Честно говоря, я терялся, когда меня спрашивали, а чего это вы в Африку собрались? Так просто, взяли и собрались. Приехали, а потом догнало – зачем и почему. Это было в Кении, в парке Накуру, на озерах Накуру и Богория.
Что хорошо в Кении, разрешается въезжать в парк на своей машине. И мы въехали на своей «японке» и на своем Дэвиде. От Найроби на северо-запад надо было проехать 300 с лишним километров. Выбравшись из тесного Найроби, погнали, обгоняя всех и каждого, кто смел появиться и маячить впереди нас. И вдруг остановились, потому что обнаружился еще один участник дорожного движения, которого Дэвид не стал обгонять, хотя тот и двигался на недопустимо низкой скорости. Это была огромная черепаха. Сначала мы ее сфотографировали на память, а потом бесцеремонно, взявшись втроем за панцирь, уволокли прочь с дороги.
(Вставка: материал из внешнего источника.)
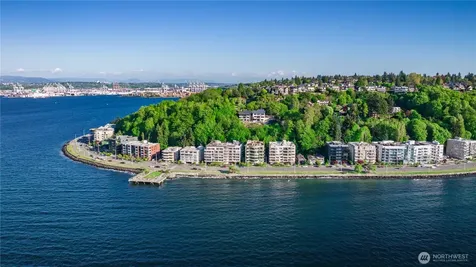 1019 California Lane SW Seattle WA 98116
Ехали долго и без особых приключений, так что я даже задремал. И если бы не Дэвид, мог бы проспать одно важное событие. Он остановился и торжественно объявил:
– Экватор.
Мы подъехали к экватору. Точка на линии экватора была обозначена железной конструкцией с вращающимся земным шаром. Покрутили земной шарик, я достал компас. Проверить, а не обман ли это? Стрелка дергалась, как припадочная. А что ей делать, если 0 градусов широты? Впрочем, компас часто вел себя загадочно. Скорее, потому, что он был китайским. Его следовало выбросить сразу, а не потом, как я это сделал.
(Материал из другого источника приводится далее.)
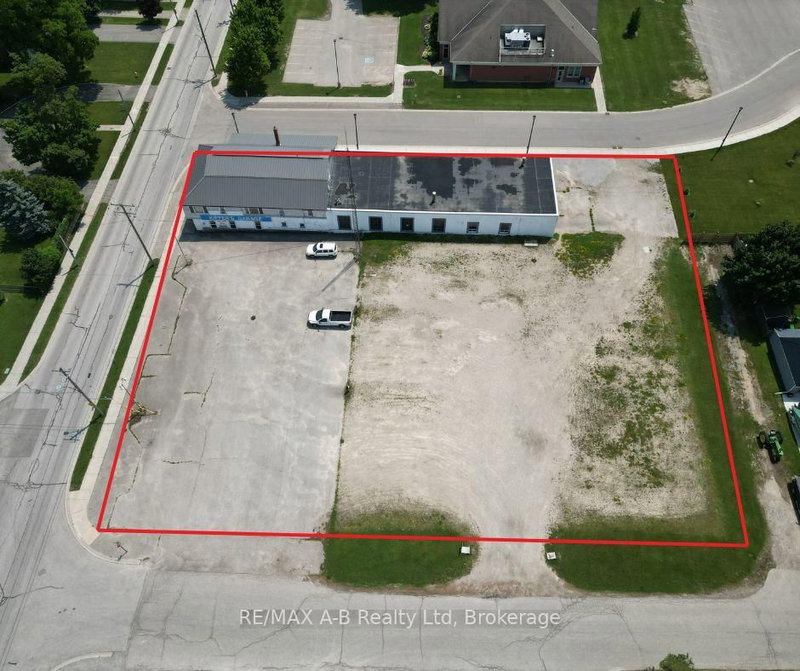 15 MILL St E, Perth East, N0K 1M0 | Image 2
Что хорошо в парке Накуру, так это то, что разрешается выйти из машины и промяться. Мы вывалились из машины у самого озера, которое разливалось на многие мили, окруженное тропическим лесом и саванной. Перед нами на мелководье плескались пеликаны. Какой-то странный птичий ритуал – приседали, окунались, трясли крыльями, вскидывали их к небу. Будто сто лет воды не видели, – с таким азартом и такой первобытной радостью они предавались купанию. Или они так молились своему пернатому Богу, благодарили за счастье жить на белом свете. Серега несколько отступил, чтобы брызги не залетали в объектив, установил на штатив камеру, а я пошел по берегу, местами топкому, местами песчаному и твердому. Пеликаны планировали над зеркальной плавящейся на солнце гладью, летели навстречу, едва ли не касаясь меня и обдавая поющим в огромных крыльях ветром. Идя вдоль берега, я встречал много всяких птиц, и далеко не всех узнавал по пернатому облаченью. Пролетела птица-носорог с рыбкой в клюве, разбежались передо мной в траве перепелки. В отдалении паслись венценосные журавли. А по озеру впереди меня плыло розовое облако – тысячи фламинго полоскали в озере клювы, при моем приближении снимались с места. Сначала одна, самая пугливая птица, за ней другая, и сразу несколько, все разом – розовое облако отлетало чуть дальше.
Дэвид кричал:
– Стой! Danger! Опасность! Нельзя!
Но я его не слышал – далековато отошел. Он ехал за мной на машине, но я все равно не слышал, потому что был оглушен клокочущими радостным проживанием жизни голосами. Я уже видел идущих на водопой антилоп, лакающего воду носорога… Я мог бы до него дотянуться до него из открытого окна машины. Заглядывал в глаза льву и видел, как жираф, возвышаясь над зонтиком колючей акации, тонким и длинным язычком подхватывал зеленые листочки. Особое ощущение: ты не один на божьем свете, рядом тысячи тысяч твоих собратьев, сколь непохожих друг на друга, столь и совершенных в красоте своей. Все как в первые дни творения, в золотые деньки Эдема.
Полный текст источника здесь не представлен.